INPUT DATA:
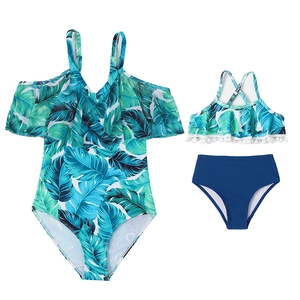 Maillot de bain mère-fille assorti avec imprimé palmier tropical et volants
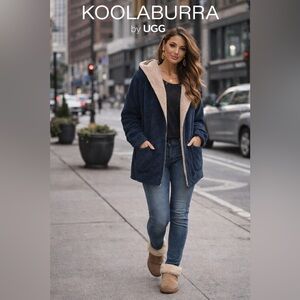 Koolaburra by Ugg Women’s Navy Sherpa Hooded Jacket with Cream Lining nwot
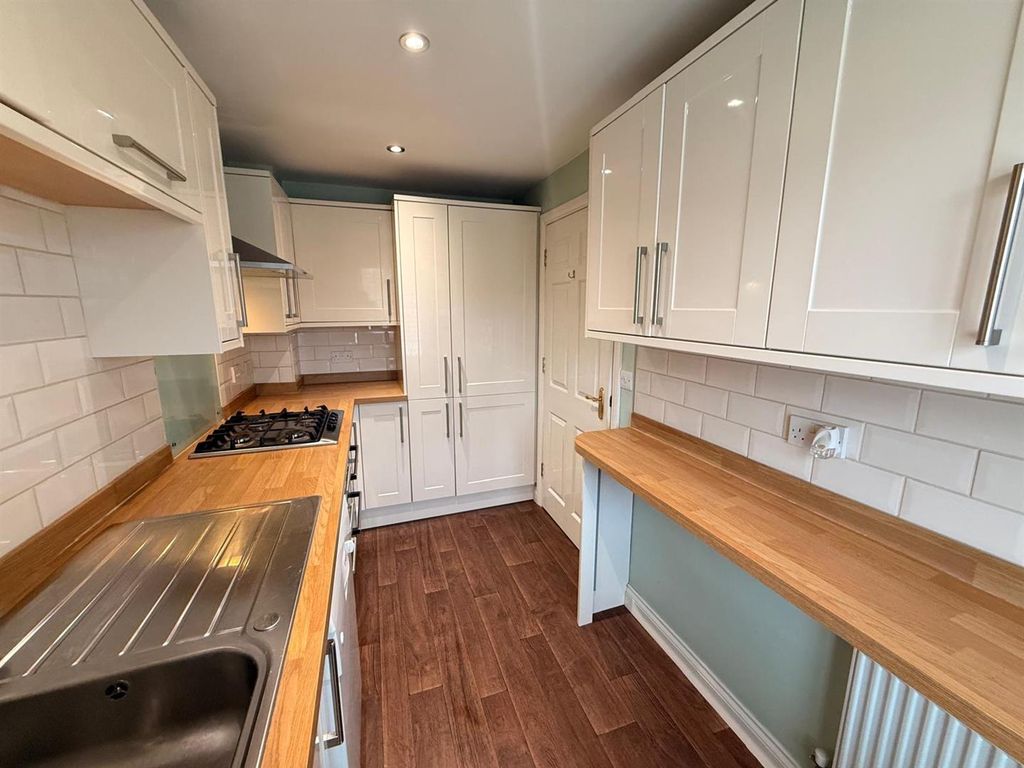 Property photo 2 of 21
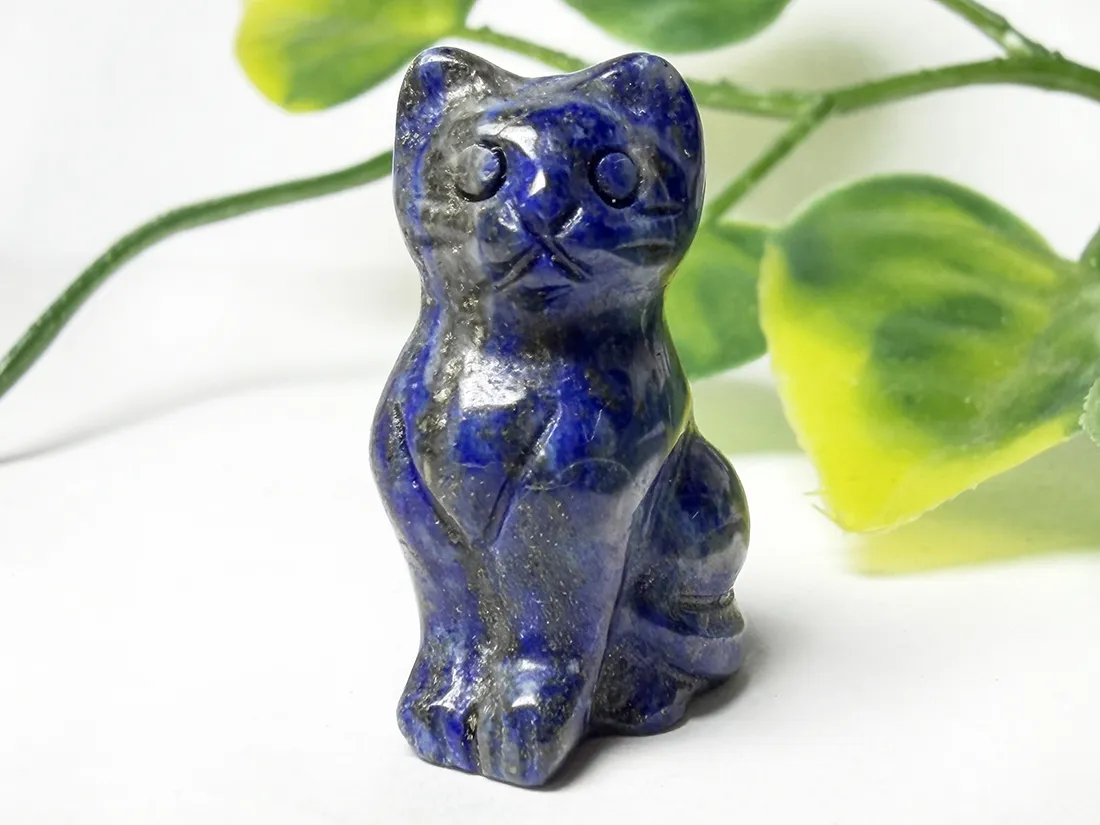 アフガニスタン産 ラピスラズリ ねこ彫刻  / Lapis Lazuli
==
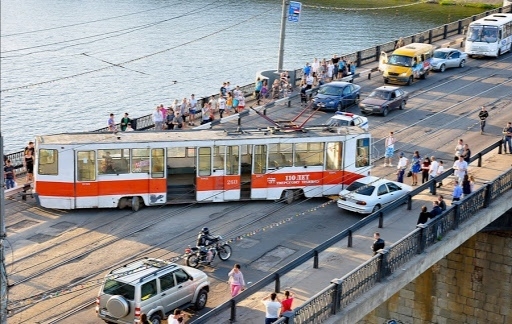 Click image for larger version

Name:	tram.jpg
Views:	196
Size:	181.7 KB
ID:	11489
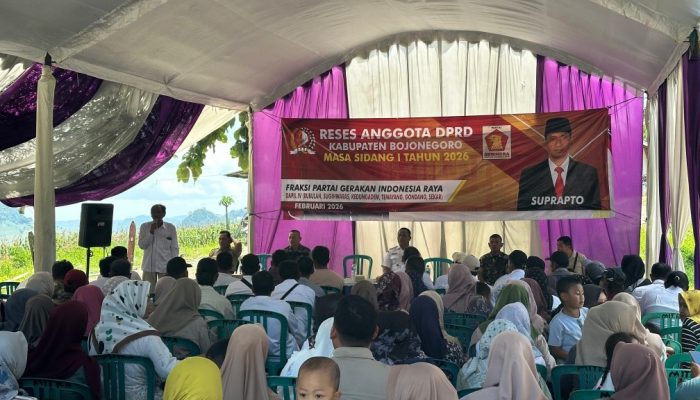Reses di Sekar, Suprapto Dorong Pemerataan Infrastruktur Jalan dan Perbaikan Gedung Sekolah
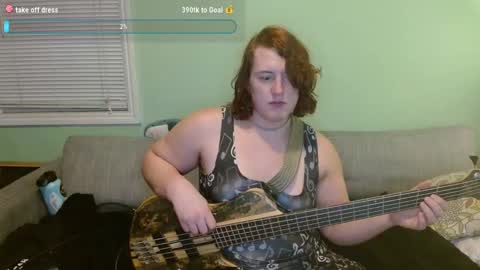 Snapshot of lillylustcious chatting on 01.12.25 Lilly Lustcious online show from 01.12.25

YOUR OBJECTIVE: Where a picture appears in the records above, omit it, and transcribe exactly the stretch of lines from the one with "Property photo 2 of 21" through the one with "アフガニスタン産 ラピスラズリ ねこ彫刻".

TASK RESULT:
 Property photo 2 of 21
 アフガニスタン産 ラピスラズリ ねこ彫刻  / Lapis Lazuli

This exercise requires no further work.